It points to the thwarted promise of a nuclear industry that 10 years ago seemed on the verge of revival, until derailed by cheap energy alternatives, listless energy demand, and renewed safety and regulatory concerns, especially after the 2011 Fukushima nuclear accident.

The risk of a major event on US soil is extremely small, and the benefits of nuclear’s stable, carbon-free energy are too good to ignore, nuclear advocates say. And energy markets aren't set in stone: If natural-gas prices were to rise, nuclear would be a more economic option. 

But both public opinion and market forces are working against the renaissance that industry backers have been predicting.
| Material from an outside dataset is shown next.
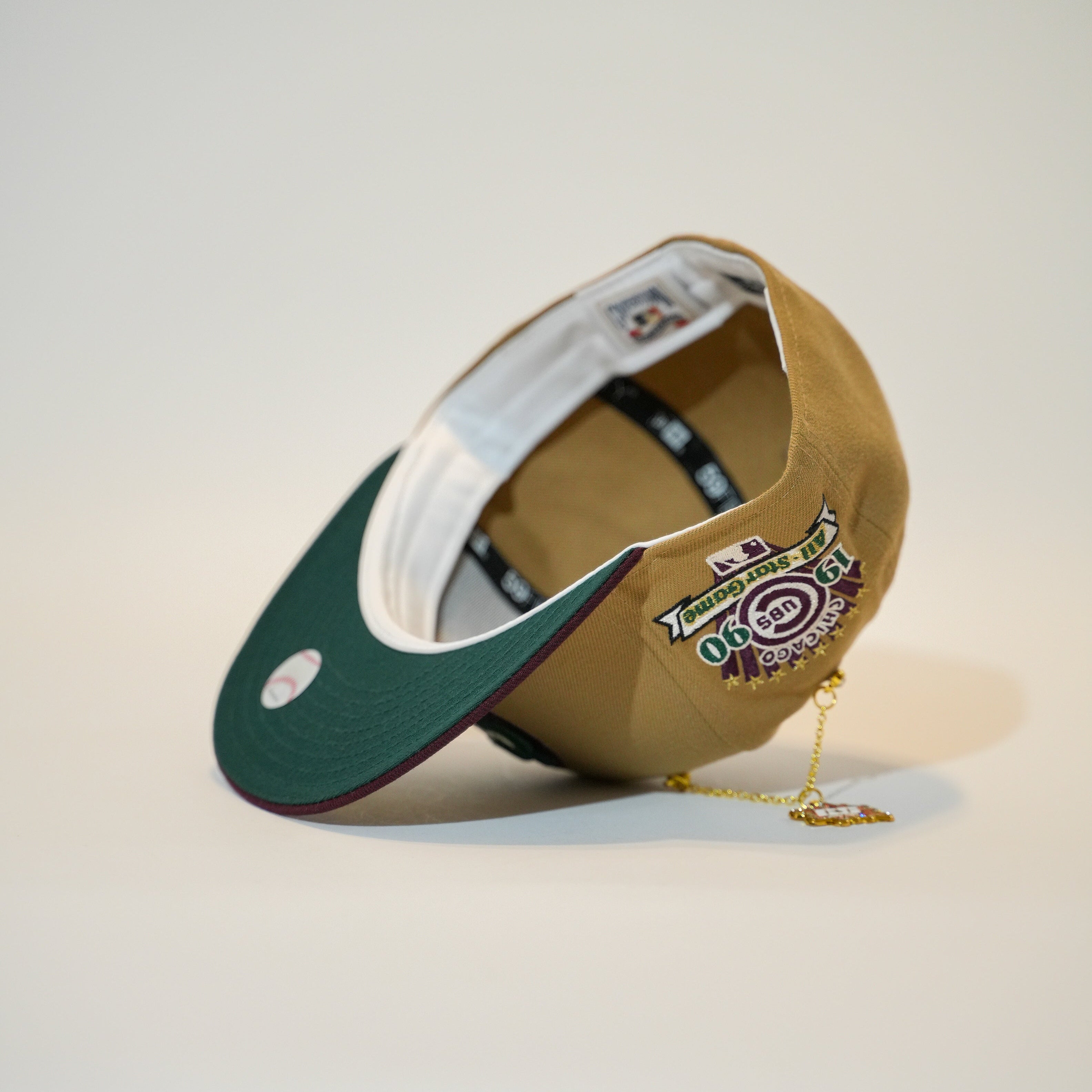 NEW ERA EXCLUSIVE 59FIFTY CHROME WHITE/BLACK LAS VEGAS RAIDERS SCRIPT W/ SUPERBOWL XI SIDE PATCH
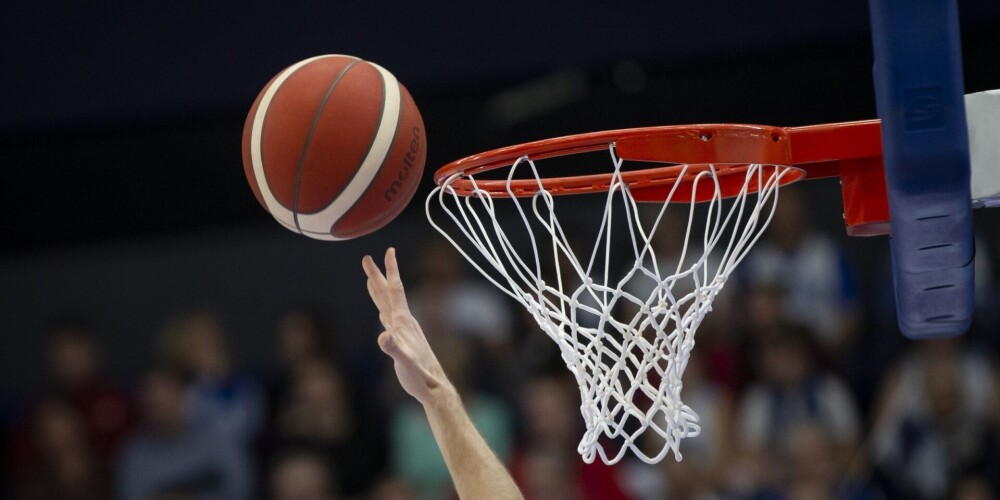 FIBA atceļ vasarā plānotos Eiropas jauniešu čempionātus; paredzamas izmaiņas arī pieaugušo čempionātu kalendāros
This week, a former chair of the US Nuclear Regulatory Commission called for shutting down the Indian Point nuclear power plant near New York City and the Pilgrim nuclear power plant in Plymouth, Mass., citing safety concerns.

“Severe accidents have happened and they will happen,” said former NRC chair Gregory Jaczko, at a panel discussion in Boston sponsored by the Samuel Lawrence Foundation, a California-based advocacy group critical of US nuclear power.

“It doesn’t mean that Pilgrim is going to have an accident tomorrow or even in my lifetime, but ultimately we can’t rule out the possibility of that happening," he said Wednesday. Dr. Jaczko resigned from the five-member regulatory body last year, after wrangling with other commissioners over the industry’s response to Japan’s nuclear disaster at Fukushima Daiichi Nuclear Power Plant.

“Safety has to be: Eliminate the possibility of severe accidents,” Jaczko added. “It doesn’t matter how low the probability is; it is an unacceptable consequence.”